We currently produce a load, followed by (possibly a move for integers and) a splat as separate instructions. VSX has always had a splatting load for doublewords, but as of Power9, we have it for words as well. This patch just exploits these instructions.
Details
Diff Detail
- Repository
- rL LLVM
Event Timeline
test/CodeGen/PowerPC/power9-moves-and-splats.ll | ||
---|---|---|
15 | Please forgive the trivial changes in this test case. The script that produces the checks apparently behaves slightly differently now and I would prefer to leave the test case exactly as produced by the script. |
test/CodeGen/PowerPC/power9-moves-and-splats.ll | ||
---|---|---|
15 | You can just regenerate all the affected files in a preparatory commit and rebase the patch. |
@amyk FYI, does this cover all the cases you want to do https://reviews.llvm.org/D51750 ?
test/CodeGen/PowerPC/power9-moves-and-splats.ll | ||
---|---|---|
15 | Ah, yeah. That's a good idea. I don't know why I didn't think of that. I'll definitely do that next time I see this issue. |
Thanks @jsji for letting me know, and thanks @nemanjai for the handling of the load and splats!

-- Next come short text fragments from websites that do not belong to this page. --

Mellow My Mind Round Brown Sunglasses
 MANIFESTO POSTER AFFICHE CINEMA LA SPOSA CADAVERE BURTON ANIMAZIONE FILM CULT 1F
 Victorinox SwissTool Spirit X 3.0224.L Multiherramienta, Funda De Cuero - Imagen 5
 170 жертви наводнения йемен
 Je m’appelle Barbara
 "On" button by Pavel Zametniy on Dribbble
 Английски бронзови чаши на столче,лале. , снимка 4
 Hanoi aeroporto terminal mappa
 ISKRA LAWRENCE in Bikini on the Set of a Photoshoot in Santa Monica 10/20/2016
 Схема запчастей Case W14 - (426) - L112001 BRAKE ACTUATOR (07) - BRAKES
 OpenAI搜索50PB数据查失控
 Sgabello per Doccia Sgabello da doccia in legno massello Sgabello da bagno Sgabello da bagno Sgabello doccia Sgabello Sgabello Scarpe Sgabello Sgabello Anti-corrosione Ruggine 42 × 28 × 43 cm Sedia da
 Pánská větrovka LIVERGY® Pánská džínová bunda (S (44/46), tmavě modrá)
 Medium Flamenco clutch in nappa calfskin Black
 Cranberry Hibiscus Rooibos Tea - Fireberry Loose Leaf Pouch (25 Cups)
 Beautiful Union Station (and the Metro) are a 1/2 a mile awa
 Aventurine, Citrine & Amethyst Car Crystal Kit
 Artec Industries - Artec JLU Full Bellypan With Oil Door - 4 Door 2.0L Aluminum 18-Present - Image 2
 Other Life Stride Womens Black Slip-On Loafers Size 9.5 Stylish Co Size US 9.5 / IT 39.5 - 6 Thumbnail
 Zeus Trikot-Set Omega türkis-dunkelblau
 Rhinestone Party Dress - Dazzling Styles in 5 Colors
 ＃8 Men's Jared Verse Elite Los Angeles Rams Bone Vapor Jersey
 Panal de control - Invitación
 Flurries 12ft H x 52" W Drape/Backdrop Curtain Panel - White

I think this mostly looks good to me. I'm curious though, we also have test/CodeGen/PowerPC/load-v4i8-improved.ll that has a load->shift/permute->splat case. Could this patch be extended to cover this?
That test case is as follows:
define <16 x i8> @test(i32* %s, i32* %t) { ; CHECK-LE-LABEL: test: ; CHECK-LE: # %bb.0: # %entry ; CHECK-LE-NEXT: lfiwzx f0, 0, r3 ; CHECK-LE-NEXT: xxpermdi vs0, f0, f0, 2 ; CHECK-LE-NEXT: xxspltw v2, vs0, 3 ; CHECK-LE-NEXT: blr ; CHECK-LABEL: test: ; CHECK: # %bb.0: # %entry ; CHECK-NEXT: lfiwzx f0, 0, r3 ; CHECK-NEXT: xxsldwi vs0, f0, f0, 1 ; CHECK-NEXT: xxspltw v2, vs0, 0 ; CHECK-NEXT: blr entry: %0 = bitcast i32* %s to <4 x i8>* %1 = load <4 x i8>, <4 x i8>* %0, align 4 %2 = shufflevector <4 x i8> %1, <4 x i8> undef, <16 x i32> <i32 0, i32 1, i32 2, i32 3, i32 0, i32 1, i32 2, i32 3, i32 0, i32 1, i32 2, i32 3, i32 0, i32 1, i32 2, i32 3> ret <16 x i8> %2 }
This is an excellent point Amy. We should handle the shuffle case as well as that will probably come up quite a bit.
Updated to handle the load->shuffle pattern in addition to the load->build_vector pattern.
Some comments, but request changes as you will at least need to rebase to pick up non-relevant testcase update in https://reviews.llvm.org/rL365330.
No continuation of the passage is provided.